稀疏型内存模型中section_mem_map的初始化

在 linux 中,稀疏型内存模型意味着物理地址空间由若干个地址段组成,段与段之间允许存在空洞,适用于地址段比较稀疏的情况,并用于支持内存热插拔。
稀疏型内存模型将整个物理地址空间划分成多个区段(section)。一个区段用一个 struct mem_section 结构体来描述,其中最重要的字段是 section_mem_map,它编码了 NUMA 节点号、页描述符数组的地址以及一些标志位。
struct mem_section 数组声明:

/*
 * Permanent SPARSEMEM data:
 *
 * 1) mem_section   - memory sections, mem_map's for valid memory
 */
#ifdef CONFIG_SPARSEMEM_EXTREME
struct mem_section **mem_section;
#else
struct mem_section mem_section[NR_SECTION_ROOTS][SECTIONS_PER_ROOT]
    ____cacheline_internodealigned_in_smp;
#endif
EXPORT_SYMBOL(mem_section);

struct mem_section 结构体内容:

struct mem_section {
    /*
     * This is, logically, a pointer to an array of struct
     * pages.  However, it is stored with some other magic.
     * (see sparse.c::sparse_init_one_section())
     *
     * Additionally during early boot we encode node id of
     * the location of the section here to guide allocation.
     * (see sparse.c::memory_present())
     *
     * Making it a UL at least makes someone do a cast
     * before using it wrong.
     */
    unsigned long section_mem_map;
   
    /* See declaration of similar field in struct zone */
    unsigned long *pageblock_flags;
#ifdef CONFIG_PAGE_EXTENSION
    /*
     * If SPARSEMEM, pgdat doesn't have page_ext pointer.
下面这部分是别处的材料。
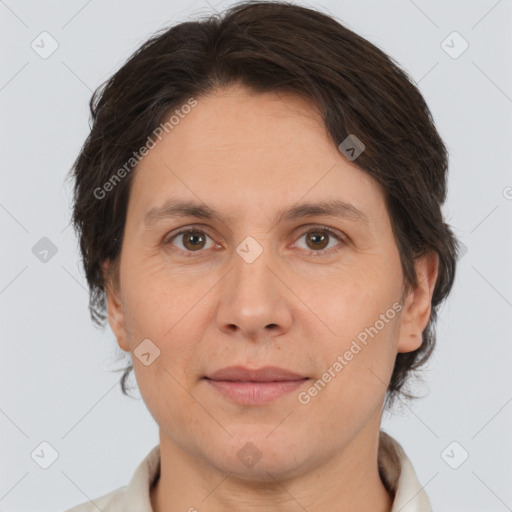 Joyful white adult female with medium  brown hair and brown eyes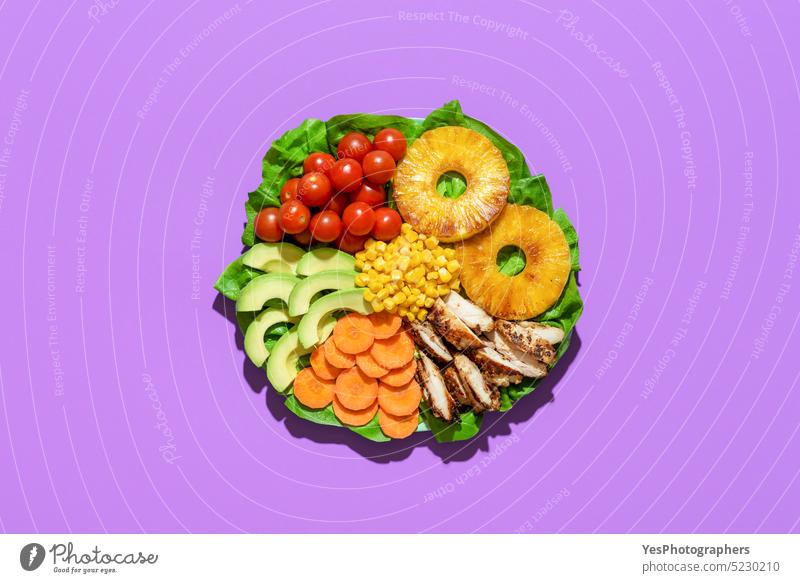 Hawaiian salad plate above view on purple background. Salad with roasted pineapple avocado bright carrot cherry chicken color corn cuisine cut out delicious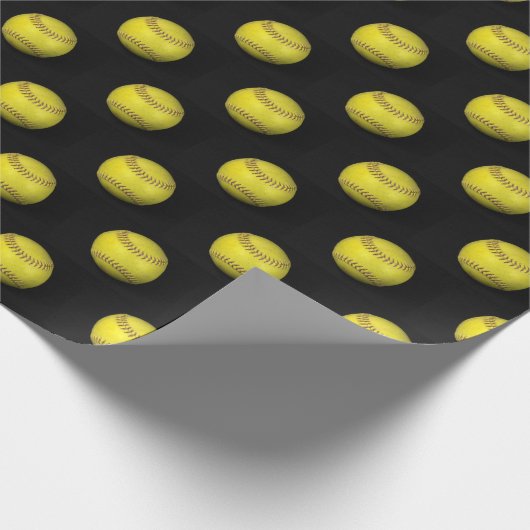 Gelbe Softball auf schwarz Geschenkpapier (Ecke)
We use
     * section. (see page_ext.h about this.)
     */
    struct page_ext *page_ext;
    unsigned long pad;
#endif
    /*
     * WARNING: mem_section must be a power-of-2 in size for the
     * calculation and use of SECTION_ROOT_MASK to make sense.
     */
};

下面节选的部分代码(内核版本为 4.19)用来初始化 struct mem_section 数组中属于某个 node 的所有有效 section,其中 sparse_buffer_init() 用于分配 struct page 数组空间,pnum 为 struct mem_section 数组打平成一维数组的下标,它对应某个 section,同时也对应某个 struct page 子数组,sparse_mem_map_populate() 用于得到 pnum 对应的 struct page 子数组的首地址,sparse_init_one_section() 用于设置 pnum 对应的 mem_section 结构体中 section_mem_map 的值。

/*       
 * Initialize sparse on a specific node. The node spans [pnum_begin, pnum_end)
 * And number of present sections in this node is map_count.
 */      
static void __init sparse_init_nid(int nid, unsigned long pnum_begin,
                   unsigned long pnum_end,
                   unsigned long map_count)
{        
    unsigned long pnum, usemap_longs, *usemap;
    struct page *map;
         
   ...   
    sparse_buffer_init(map_count * section_map_size(), nid);
    for_each_present_section_nr(pnum_begin, pnum) {
        if (pnum >= pnum_end)
            break;
         
        map = sparse_mem_map_populate(pnum, nid, NULL);
      ...
        sparse_init_one_section(__nr_to_section(pnum), pnum, map, usemap);
      ...
    }    
    sparse_buffer_fini();
    return;
   ...
} 

如果某个 node 的所有 section 都有效,那么它每个 section 中的 section_mem_map 值应该都相等,因为在 sparse_buffer_init() 函数中已经预先申请了该 node 所包含的 struct page 数组空间,同时,在处理每个 section 时依次得到 pnum 对应的 struct page 子数组的首地址,并将其简单处理后设置到 section_mem_map 字段中,其中,处理的方式保证了这一点:section_mem_map = (map - section_nr_to_pfn(pnum)) —— 由于 map 和 pnum 是一一对应的,这使得每对 map、pnum,上述差值都相等。
但在实践中发现往往最后一个 section 的 section_mem_map 发生了变化,经过调试发现,sparse_buffer_init() 函数在申请内存时是以页为大小对齐的,而在 sparse_mem_map_populate() 中分配内存时是以 sizeof(struct page) * PAGES_PER_SECTION 为大小对齐的(PAGES_PER_SECTION 是一个 section 所包含的 page 数量),一般而言,后者大于前者,这会导致在处理最后一个 section 时,预申请的 struct page 数组空间不够用,使得最后一个 section 需要单独申请,这就浪费了部分因对齐而无法使用的空间。
看了一下最新的内核代码,这个问题在 09dbcf422e9b791d2d43cad8c283d9bdaef019a9 提交中修复了。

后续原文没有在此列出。